Unfortunately, the new "Godzilla" flops. It plays one week. Both exhibitors take in a paltry $2,000 each. So, according to terms, the distributor will get a check for $1,000 from the Suburban and a check for $930 from the Urban, which had to send the city's tax man $140. Of course, the Urban also will be subject to all the ordinary taxes and fees that businesses pay.

Next time the same distributor is likely to pick a movie theater in Henrico County as the second exhibitor for its product. It's just simple math.

The same problem plays out with live shows. If you have a month to book the Truly Reincarnated Elvis show into 15 venues, you'll consider several factors in choosing the best situations. In this region, one will stand out: If you rent a Charlottesville music hall, no admissions tax will come out of the gross take. This means if the same show grosses $1 million at both John Paul Jones Arena and the Richmond Coliseum, the promoter would leave Charlottesville with $70,000 more than it would from Richmond.

In Richmond that 7 percent difference, coming off the top of the gross, squeezes the risk-reward ratio too much for lots of touring acts. By the way, this call for change isn't connected to efforts to cut any other taxes.

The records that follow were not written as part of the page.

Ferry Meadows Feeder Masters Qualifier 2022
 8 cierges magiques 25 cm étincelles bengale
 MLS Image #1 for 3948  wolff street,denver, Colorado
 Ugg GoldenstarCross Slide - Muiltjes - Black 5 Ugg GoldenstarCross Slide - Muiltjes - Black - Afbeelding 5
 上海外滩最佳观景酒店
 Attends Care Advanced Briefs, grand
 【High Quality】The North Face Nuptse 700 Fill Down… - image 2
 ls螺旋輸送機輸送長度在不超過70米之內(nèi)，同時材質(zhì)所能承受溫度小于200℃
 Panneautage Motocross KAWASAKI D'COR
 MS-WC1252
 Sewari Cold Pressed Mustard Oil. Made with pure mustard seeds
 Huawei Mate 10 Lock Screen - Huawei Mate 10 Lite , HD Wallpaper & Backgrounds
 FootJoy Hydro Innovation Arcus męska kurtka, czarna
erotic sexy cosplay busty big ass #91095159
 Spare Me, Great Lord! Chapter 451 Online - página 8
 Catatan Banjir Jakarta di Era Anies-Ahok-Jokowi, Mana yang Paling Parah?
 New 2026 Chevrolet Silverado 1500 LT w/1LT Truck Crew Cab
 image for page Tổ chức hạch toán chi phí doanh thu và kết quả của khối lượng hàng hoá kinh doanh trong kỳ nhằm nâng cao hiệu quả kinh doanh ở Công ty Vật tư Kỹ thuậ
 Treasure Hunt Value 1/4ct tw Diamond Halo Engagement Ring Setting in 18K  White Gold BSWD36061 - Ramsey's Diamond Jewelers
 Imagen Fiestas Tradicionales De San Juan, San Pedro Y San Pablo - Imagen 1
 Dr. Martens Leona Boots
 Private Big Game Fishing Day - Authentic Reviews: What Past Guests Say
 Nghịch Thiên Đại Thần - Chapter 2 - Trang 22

It's not about starving the government beast. It's about allowing Richmond's impresarios, artists and musicians to thrive without cumbersome tax burdens. Eliminate the tax, and you just might see Richmond turn into the arts and culture center that so many envision.

The admissions tax in Richmond isn't unique. Unlike Charlottesville, most cities in Virginia have such a tax, but other states have figured this out. There's no admissions tax in Nashville, Tenn., or Austin, Texas, two cities known for their great live music scenes. Last year's visit to Austin by a delegation of Richmond's leaders apparently didn't wise anybody up enough to see the light. What they should have learned on that trip is that cultivating a live music scene is good for business.

Alas, Richmond's clumsy efforts to revitalize its downtown using massive amounts of public funds have been going on for a good while, too. Anybody tired of that yet? In 2012 voters should turn up the volume, and call for City Council to abolish the admissions tax and stop stifling show business. S

F.T. Rea is a local artist and writer who managed the Biograph Theatre from 1972 to 1983.

Opinions expressed on the Back Page are those of the writer and not necessarily those of Style Weekly.